En partant, le China semblait avoir emporté avec lui le dernier espoir de Phileas Fogg.



En effet, aucun des autres paquebots qui font le service direct entre l’Amérique et l’Europe, ni les transatlantiques français, ni les navires du «White-Star-line», ni les steamers de la Compagnie Imman, ni ceux de la ligne Hambourgeoise, ni autres, ne pouvaient servir les projets du gentleman.
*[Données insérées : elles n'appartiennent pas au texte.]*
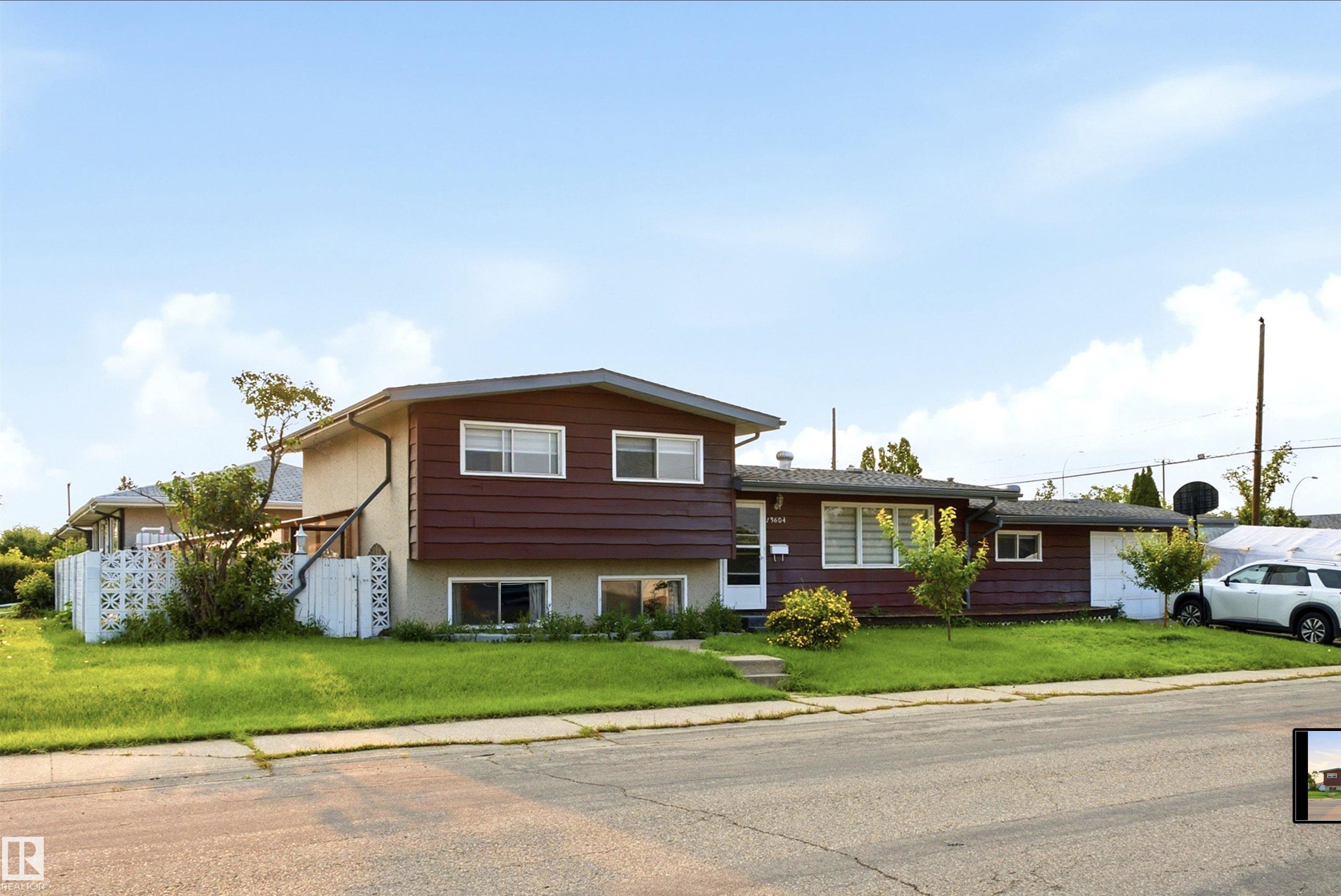 13604 90A Street, E4502557, Alberta,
En effet, le Pereire, de la Compagnie transatlantique française – dont les admirables bâtiments égalent en vitesse et surpassent en confortable tous ceux des autres lignes, sans exception, – ne partait que le surlendemain, 14 décembre. Et d’ailleurs, de même que ceux de la Compagnie hambourgeoise, il n’allait pas directement à Liverpool ou à Londres, mais au Havre, et cette traversée supplémentaire du Havre à Southampton, en retardant Phileas Fogg, eût annulé ses derniers efforts.
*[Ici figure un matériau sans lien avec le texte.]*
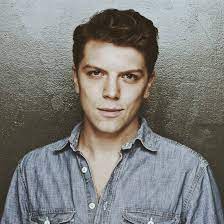 Michael Seater Photo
Quant aux paquebots Imman, dont l’un, le City-of-Paris, mettait en mer le lendemain, il n’y fallait pas songer. Ces navires sont particulièrement affectés au transport des émigrants, leurs machines sont faibles, ils naviguent autant à la voile qu’à la vapeur, et leur vitesse est médiocre. Ils employaient à cette traversée de New York à l’Angleterre plus de temps qu’il n’en restait à Mr. Fogg pour gagner son pari.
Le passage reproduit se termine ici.